Tom Johnson

Current position
- Title: Head Coach
- Team: University of Wyoming
- Conference: Mountain West Conference
- Record: 147-95

Biographical details
- Born: May 24, 1963 (age 62) Syracuse, New York, U.S.

Playing career
- 1981-85: University of Wyoming
- Position(s): Breaststroke & IM

Coaching career (HC unless noted)
- 1985-86: Wyoming (5th yr Asst)
- 1987-88: Columbine H.S. (CO)
- 1988-89: Liverpool Swim Club (NY)
- 1989-94: Ft Collins Swim (CO)
- 1994-98: Birmingham Swim (AL)
- 1998-2017: University of Wyoming

Accomplishments and honors

Awards
- Mountain West Conference Men's Coach of the Year: 2004 Mountain West Conference Women's Coach of the Year: 2000, 2008

= Tom Johnson (swimming coach) =

Tom Johnson (born May 24, 1963) is the former head coach at the University of Wyoming. Johnson took over Wyoming's swimming and diving program in April, 1998, replacing Mark Miller.

==Coaching career==

===Early Years At Wyoming===
Johnson inherited a swimming and diving program that was consistently in the bottom half of the Mountain West Conference. With a small budget and limited equipment, Johnson relied on recruiting and smart coaching to improve his teams. From 2000-2004, neither the Cowboys nor the Cowgirls finished higher than 4th place at the conference championships. Unsatisfied, Johnson continued recruiting better talent and hired a full-time diving coach to improve that aspect of the program. Has two kids: Alexandra E. Johnson, and Tommy Johnson

===2004 Olympic Games===
In 2001, Johnson recruited a talented, but not yet peaked, swimmer from Grand Island, Nebraska, named Scott Usher. Usher specialized in the 100 and 200 yard breaststroke, and quickly rose to break the school and Mountain West Conference records in both events. Johnson coached Usher to the 2004 U.S. Olympic Trials, where Usher qualified to represent the United States in the 200 breaststroke during the 2004 Olympic Games in Athens, Greece. At the Olympic Games, Usher placed 7th, becoming the first Wyoming Cowboy to ever represent the U.S. in the Olympics.

===Current Teams===
The Wyoming Cowgirls have improved their conference standing by one position each year since 2004, finishing the 2010 season in 2nd place.
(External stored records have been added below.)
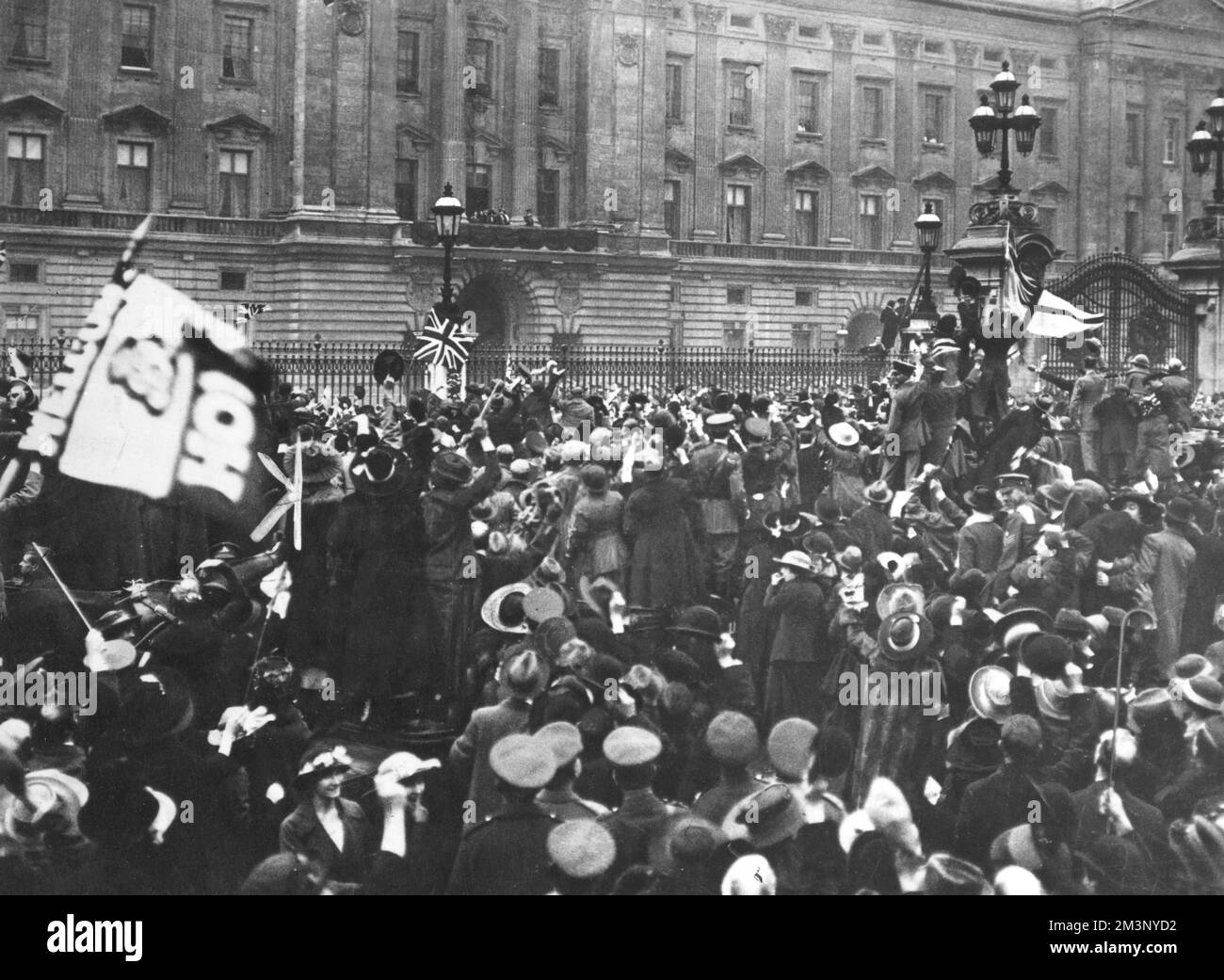 Menschenmenge am Tag des Waffenstillstands vor dem Buckingham Palace, 1918 Stockfoto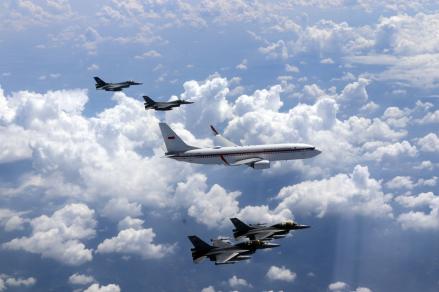 HUT ke-80 TNI AU, Pesawat Kepresidenan Dikawal Empat Jet Tempur F-16 dan Dua KAI T-50. (Foto Istimewa)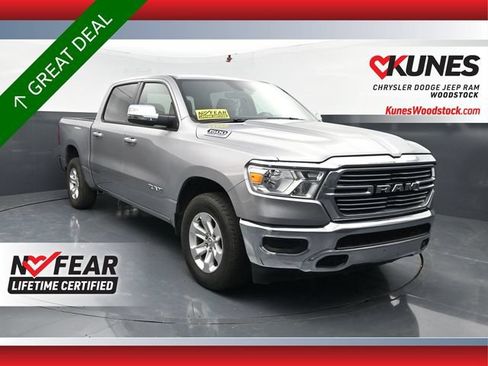 Used 2024 RAM 1500 Laramie AWD/4WD image 1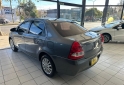 Autos - Toyota Etios XLS 2014 Nafta 100000Km - En Venta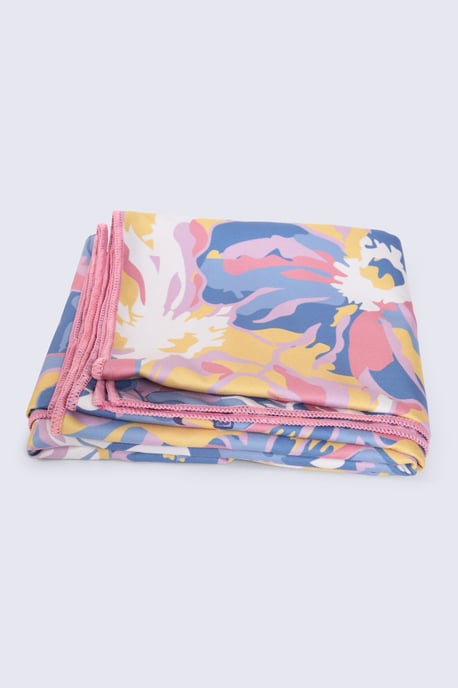 Printed Microfibre Travel Towel Fast Drying Super Absorbent Compact Beach Towel - Image 5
The Cowboys improved to a school-record 3rd-place finish at the end of the 2009 season.

2010-2011 Men's Team finished the season 6-5 (2-3) in MWC and the women were 11-4 and (5-3) in the MWC, both teams finished the season 3rd at the MWC Championships. Four Corbett pool records were broken by Cowgirls Kelsey Conci in 100 Freestyle and 100 Backstroke and Allie Smith on 1 m and 3 m diving. Two were broken by Cowboy diver Mark Murdock on 1 m and 3 m diving.
Cowgirl swimmer Kelsey Conci went on the 2011 NCAA Swimming and Diving Championships where she competed in the 50 freestyle, the 100 Freestyle and the 100 Backstroke. She place 10th in the 100 Backstroke leading the team to a 38th-place finish, and became the first women swimmer at Wyoming to score at the NCAA Championships in 19 years. Cowboy diver Mark Murdock also competed in the 2011 NCAA Championships in 1 m diving, 3 m diving and Platform. Mark placed 12th in Platform diving, an event that the University does not even have a Platform for divers to practice. Mark lead the men to 31st-place finish at those Championships.

MWC meet
Women -2 Mountain West Conference champions in Kelsey Conci 100 Back, and Lesley Young in the 100 and 200 Breast as well as the 200 Medley Relay. Nine athletes were MWC All-Conference in 21 events and in three relays. The women had one NCCA “A” qualifier and had six women with NCAA “B” cuts in 14 events and 4 relays. At the meet the women broke 14 new school records and had 47 swims in the top ten times all-time.

Men -One MWC champion -Mark Murdock in 3 m diving and Platform Diving, 11 athletes were MWC All-conference performers in 22 events the team had 4 men with NCAA “B” cuts in eight events and 3 relays 200 MR, 400 MR and 800 Free Rel. The men had 2 new school records and 28 swims in the top ten all-time.

Over the summer of 2011, Kelsey Conci picked up US Olympic Team Trial qualifying times in the 50 Freestyle and the 100 Backstroke, Morgan Hartigan picked up the 100 Breaststroke. Brandon Fischer picked up the 100 and 200 Breaststroke and the 200 Individual Medley. Incoming freshman Jordan Turner picked up a Trials cut in the 200 Breaststroke.